### Exercise
The data below should be transcribed in full, with no picture included.

(Excerpts from a dataset)

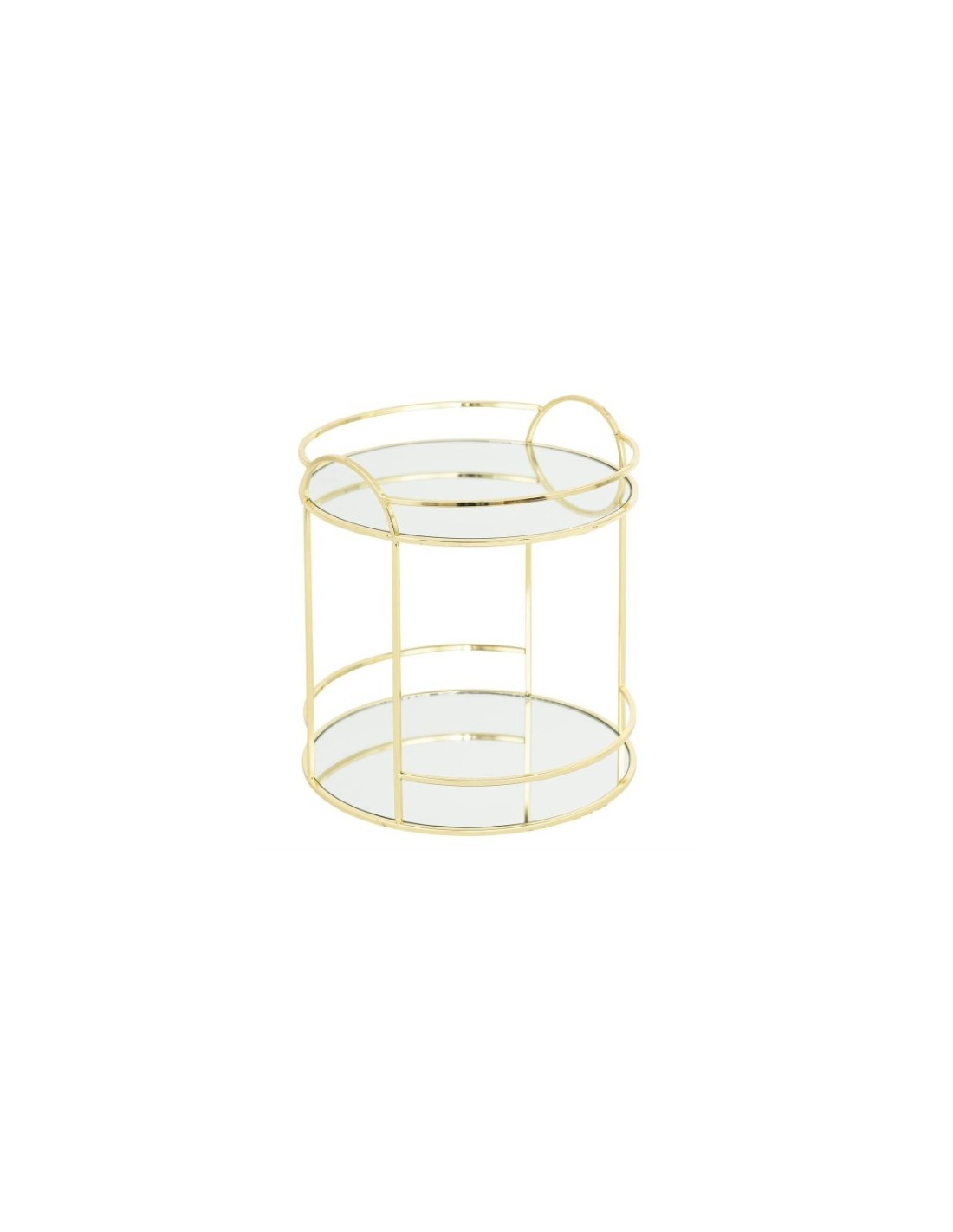 Set Vassoi a Specchio 2 Livelli 20x24 cm in Vetro e Metallo Dorato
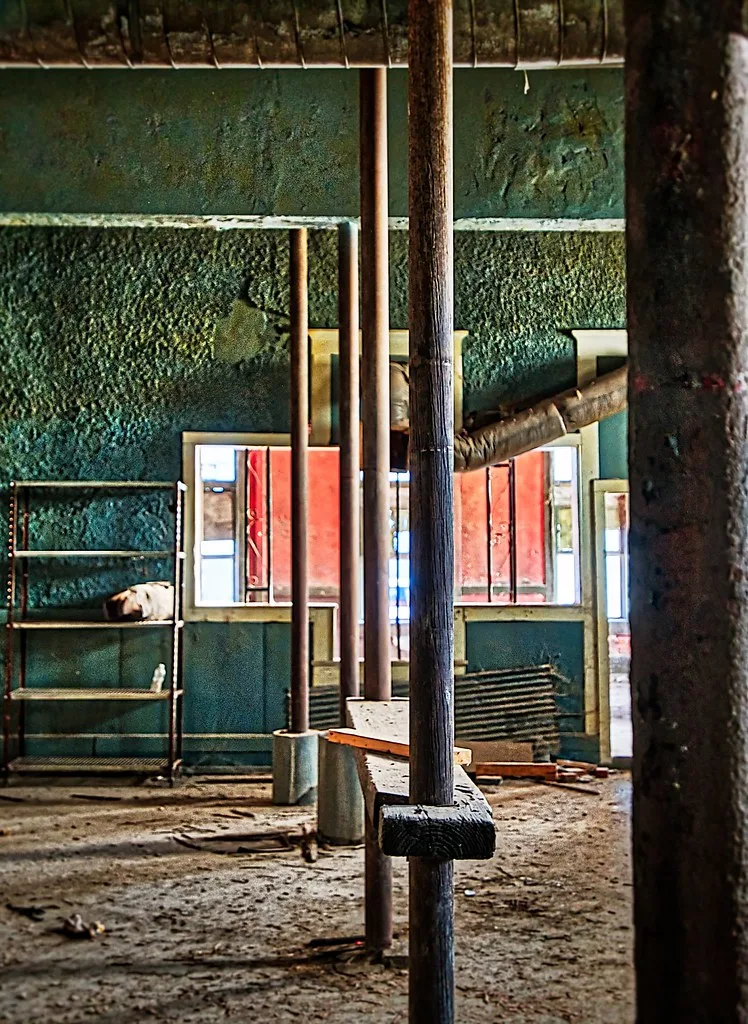 Abandoned room with peeling green walls, wooden posts, pipes, empty shelves and floor debris.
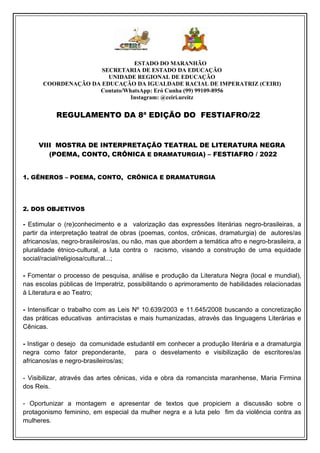 Regulamento - TEATRO NEGRO - 8ª Edição do FESTIAFRO 2022 - CEIRI-UREI.pdf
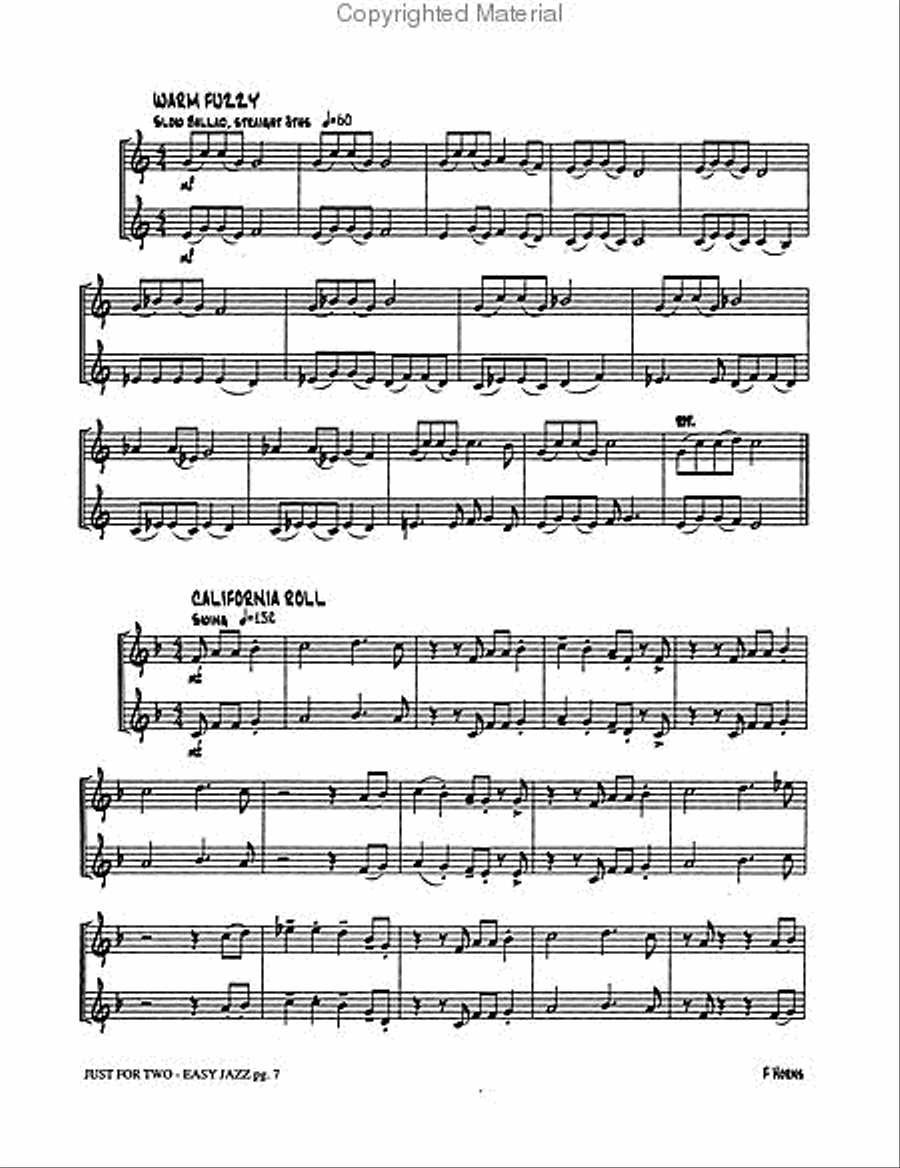 Just for Two Easy Jazz (stand alone version) Brass Duet scores gallery preview page 3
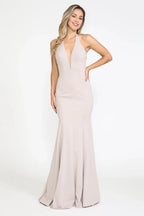 Sleek Mermaid V Neck Halter Open Back Floor Length Prom Dress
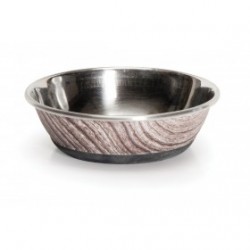 GAMELLE pour chien et chat en acier effet bois CAMON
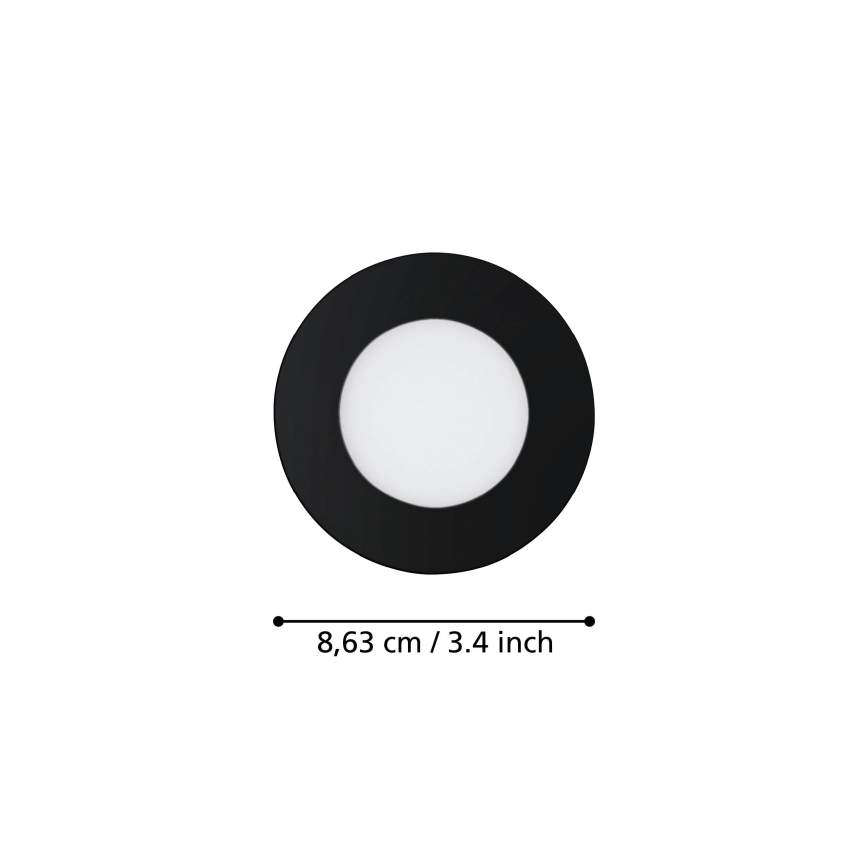 Eglo 31743 - ZESTAW 3x ściemnialnych wpuszczanych opraw łazienkowych FUEVA-Z LED/2,8W/230V 2700–6500K IP44 czarne śr. 8,5 cm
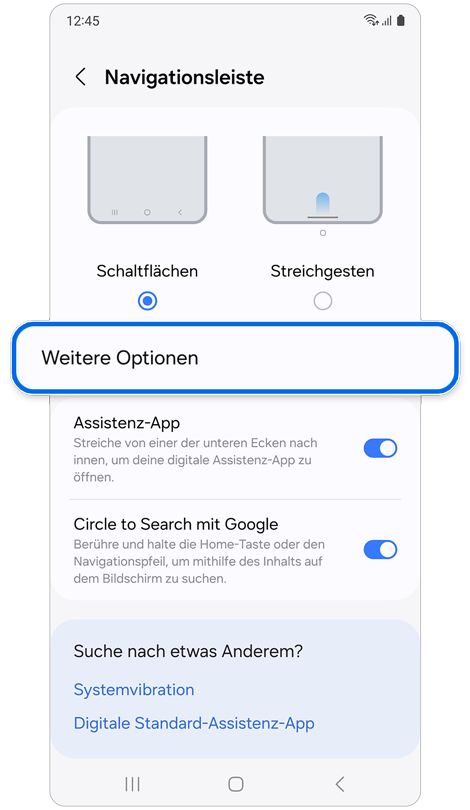 Einstellungsbildschirm für die Navigationsleiste.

### Output of the task
 Set Vassoi a Specchio 2 Livelli 20x24 cm in Vetro e Metallo Dorato
 Abandoned room with peeling green walls, wooden posts, pipes, empty shelves and floor debris.
 Regulamento - TEATRO NEGRO - 8ª Edição do FESTIAFRO 2022 - CEIRI-UREI.pdf
 Just for Two Easy Jazz (stand alone version) Brass Duet scores gallery preview page 3
 Sleek Mermaid V Neck Halter Open Back Floor Length Prom Dress
 GAMELLE pour chien et chat en acier effet bois CAMON
 Eglo 31743 - ZESTAW 3x ściemnialnych wpuszczanych opraw łazienkowych FUEVA-Z LED/2,8W/230V 2700–6500K IP44 czarne śr. 8,5 cm
 Einstellungsbildschirm für die Navigationsleiste.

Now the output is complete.